▶ [Material to process]

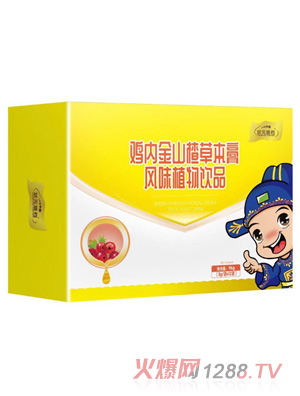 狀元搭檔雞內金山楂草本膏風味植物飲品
...
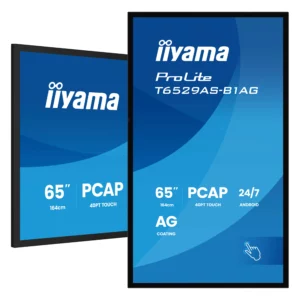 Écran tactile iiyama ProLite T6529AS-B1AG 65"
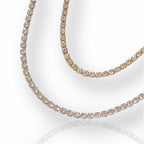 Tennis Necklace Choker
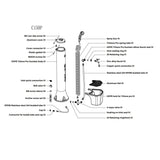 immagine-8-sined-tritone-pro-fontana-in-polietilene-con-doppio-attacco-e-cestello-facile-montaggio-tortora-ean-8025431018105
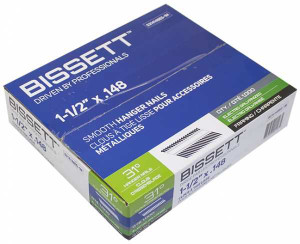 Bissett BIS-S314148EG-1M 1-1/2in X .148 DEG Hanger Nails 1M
* * *
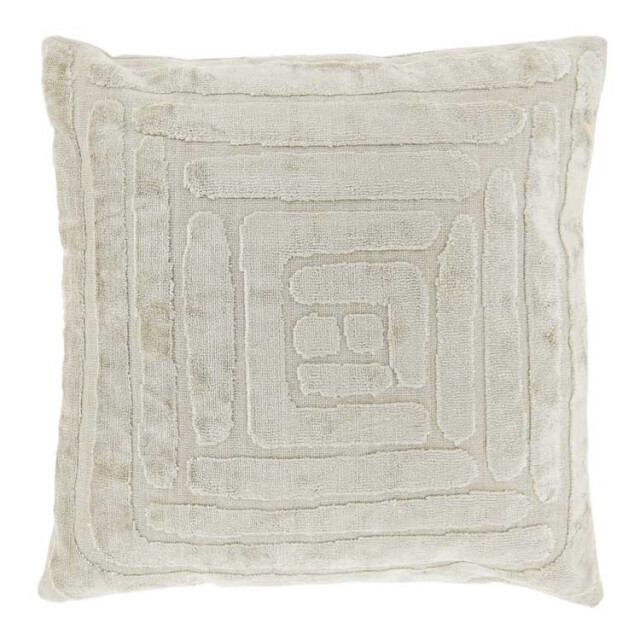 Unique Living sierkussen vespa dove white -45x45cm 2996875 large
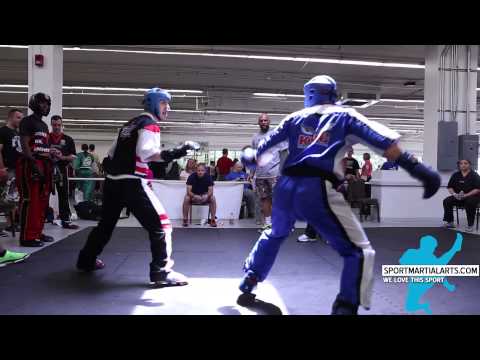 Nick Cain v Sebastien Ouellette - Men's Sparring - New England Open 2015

▶ [Your task]
Each line above that falls between the line with "Unique Living sierkussen" and the line with "Nick Cain v" should be printed exactly, together with those two lines, but the pictures should not.

▶ [Result below]
 Unique Living sierkussen vespa dove white -45x45cm 2996875 large
 Nick Cain v Sebastien Ouellette - Men's Sparring - New England Open 2015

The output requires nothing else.